PROBLEM TO SOLVE - Give again, exactly as written, the lines of the records below from the line with "HERPA HO 1:87" to the line with "Burlap Bow Wedding Car Decoration Kit". Both end lines count; pictures do not.

DATA TO PROCESS -
_ _ _

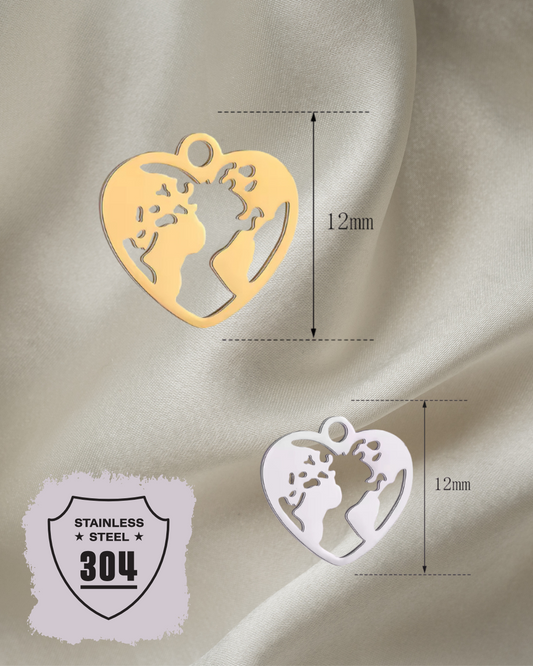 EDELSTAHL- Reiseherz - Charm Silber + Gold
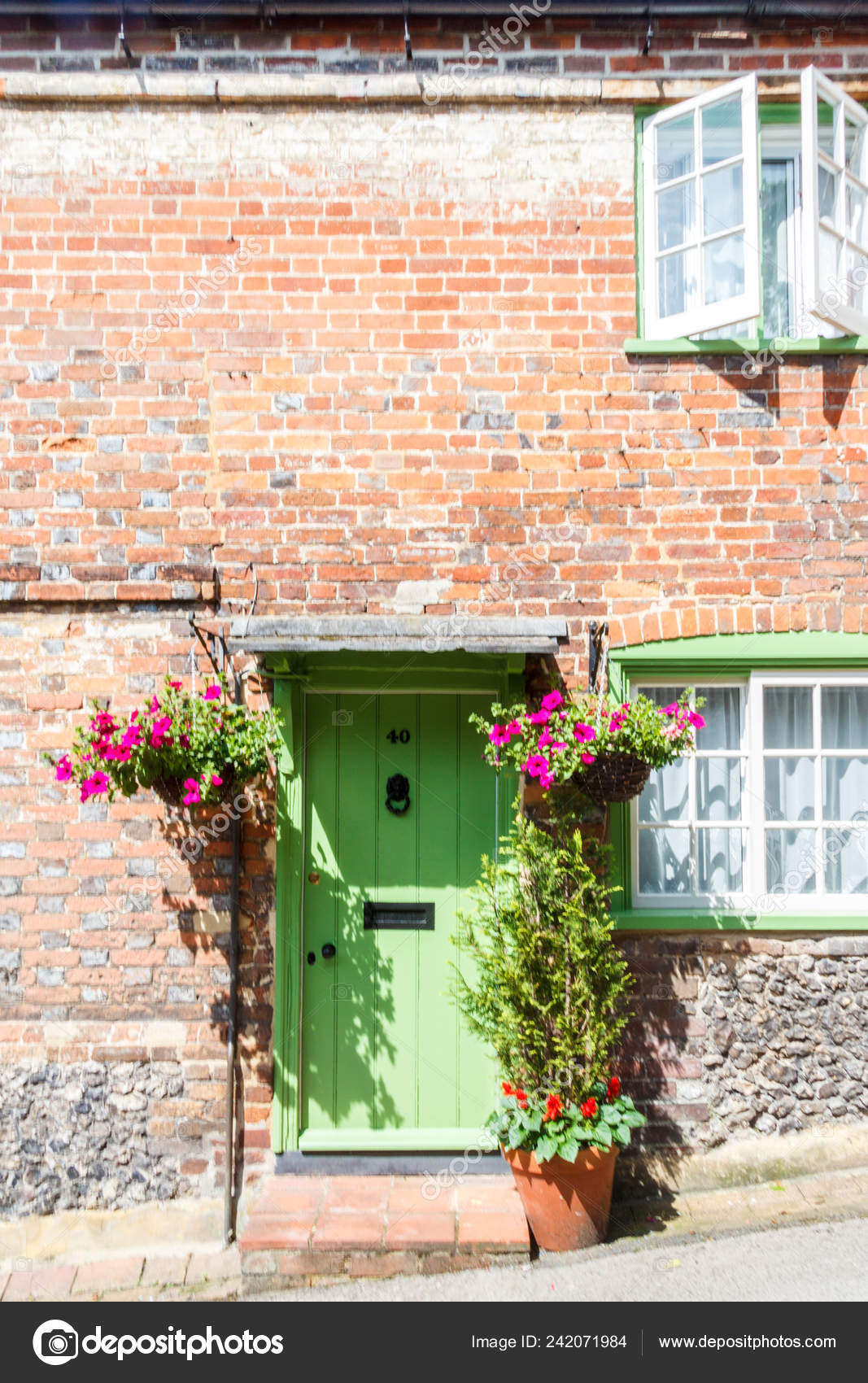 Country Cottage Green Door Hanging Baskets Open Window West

_ _ _

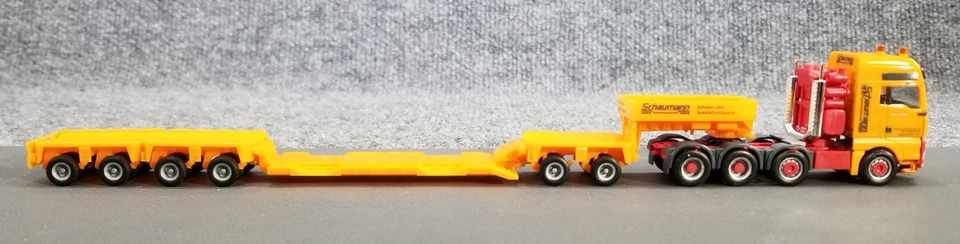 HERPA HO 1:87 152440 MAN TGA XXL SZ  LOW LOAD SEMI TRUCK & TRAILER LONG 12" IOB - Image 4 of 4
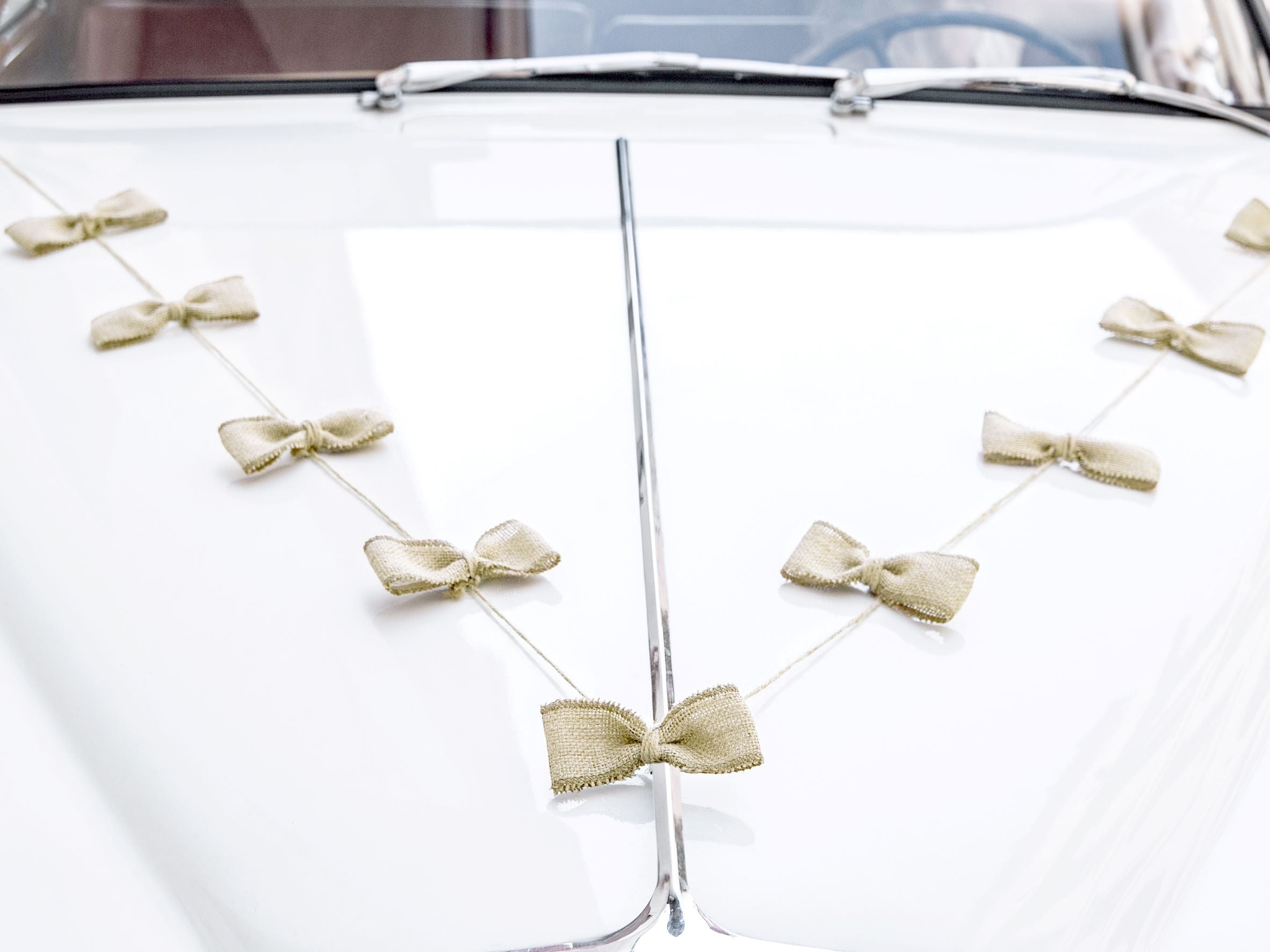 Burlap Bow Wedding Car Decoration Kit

_ _ _

PROBLEM SOLUTION -
 HERPA HO 1:87 152440 MAN TGA XXL SZ  LOW LOAD SEMI TRUCK & TRAILER LONG 12" IOB - Image 4 of 4
 Burlap Bow Wedding Car Decoration Kit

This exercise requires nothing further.